December 14, 1829 John Mercer Langston, attorney, abolitionist, and educator, was born in Louisa County, Virginia. Langston earned a bachelor’s degree in 1849 and a master’s degree in theology in 1852 from Oberlin College. Denied admission to law school because of his race, Langston studied under an established attorney and was admitted to the Ohio bar in 1854. Together with his brothers, Langston became active in the Abolitionist Movement and in 1858 became president of the Ohio Anti-Slavery Society.
During the Civil War, Langston was appointed to recruit African Americans to fight for the Union Army and, after the war, he was appointed Inspector General for the Freedmen’s Bureau, a federal organization that assisted formerly enslaved blacks. From 1864 to 1868, Langston served as president of the National Equal Rights League, which called for the abolition of slavery, support of racial unity and self-help, and equality before the law. In 1868, Langston established and served as dean of Howard University Law School, the first black law school in the country. President Ulysses S. Grant appointed Langston a member of the Board of Health of the District of Columbia.

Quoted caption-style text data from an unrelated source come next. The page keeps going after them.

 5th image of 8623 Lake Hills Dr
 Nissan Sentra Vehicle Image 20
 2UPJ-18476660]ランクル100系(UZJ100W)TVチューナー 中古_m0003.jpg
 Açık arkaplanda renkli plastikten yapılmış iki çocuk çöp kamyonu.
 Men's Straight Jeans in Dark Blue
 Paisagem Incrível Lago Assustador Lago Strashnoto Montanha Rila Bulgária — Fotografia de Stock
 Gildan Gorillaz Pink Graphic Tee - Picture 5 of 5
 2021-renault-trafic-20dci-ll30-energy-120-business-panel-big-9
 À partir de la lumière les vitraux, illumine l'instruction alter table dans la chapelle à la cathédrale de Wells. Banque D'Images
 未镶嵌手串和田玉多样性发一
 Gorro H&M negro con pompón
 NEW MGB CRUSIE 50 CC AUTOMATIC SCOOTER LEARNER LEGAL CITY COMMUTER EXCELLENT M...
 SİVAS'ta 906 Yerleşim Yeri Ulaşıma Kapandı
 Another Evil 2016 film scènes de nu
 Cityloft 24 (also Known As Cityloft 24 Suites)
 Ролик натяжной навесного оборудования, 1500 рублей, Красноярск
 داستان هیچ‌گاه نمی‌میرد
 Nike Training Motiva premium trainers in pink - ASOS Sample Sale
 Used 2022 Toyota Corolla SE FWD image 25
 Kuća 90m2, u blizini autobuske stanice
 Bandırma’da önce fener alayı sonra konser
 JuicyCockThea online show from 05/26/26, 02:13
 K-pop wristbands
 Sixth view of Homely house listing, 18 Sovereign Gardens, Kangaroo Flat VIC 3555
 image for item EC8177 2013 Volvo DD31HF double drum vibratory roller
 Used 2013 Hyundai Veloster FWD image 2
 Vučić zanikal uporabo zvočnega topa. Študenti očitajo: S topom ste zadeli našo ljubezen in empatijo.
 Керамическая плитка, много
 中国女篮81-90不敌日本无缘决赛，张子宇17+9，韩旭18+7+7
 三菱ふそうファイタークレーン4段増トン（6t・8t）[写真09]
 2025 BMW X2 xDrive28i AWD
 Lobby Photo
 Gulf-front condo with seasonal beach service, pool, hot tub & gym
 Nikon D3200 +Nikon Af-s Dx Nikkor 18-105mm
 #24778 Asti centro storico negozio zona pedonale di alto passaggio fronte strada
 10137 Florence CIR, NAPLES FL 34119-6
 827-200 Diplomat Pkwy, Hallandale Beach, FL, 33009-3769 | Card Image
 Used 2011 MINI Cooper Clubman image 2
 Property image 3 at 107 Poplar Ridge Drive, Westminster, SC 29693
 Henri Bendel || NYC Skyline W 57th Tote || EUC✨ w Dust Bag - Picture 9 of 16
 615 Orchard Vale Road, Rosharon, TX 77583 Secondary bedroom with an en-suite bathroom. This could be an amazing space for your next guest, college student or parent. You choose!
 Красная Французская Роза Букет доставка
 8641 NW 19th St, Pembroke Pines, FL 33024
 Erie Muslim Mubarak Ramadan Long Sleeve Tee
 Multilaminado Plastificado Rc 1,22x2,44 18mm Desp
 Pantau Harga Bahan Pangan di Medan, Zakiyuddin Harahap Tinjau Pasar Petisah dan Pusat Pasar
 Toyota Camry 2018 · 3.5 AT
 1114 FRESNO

In 1877, President Rutherford B. Hayes appointed him United States Minister to Haiti and in 1884 he was appointed Charge d’affaires to the Dominican Republic. In 1885, Langston was named the first president of Virginia Normal and Collegiate Institute (Virginia State University) and in 1888 he became the first black person elected to the U.S. Congress from Virginia. In 1894, Langston published his autobiography, “From the Virginia Plantation to the National Capitol: Or the First and Only Negro Representative in Congress From the Old Dominion.” Langston died November 15, 1897.
There are a number of schools named in honor of Langston, including Langston University in Oklahoma. His biography, “John Mercer Langston and the Fight for Black Freedom, 1829 – 65,” was published in 1989 and his house in Oberlin was designated a National Historic Landmark.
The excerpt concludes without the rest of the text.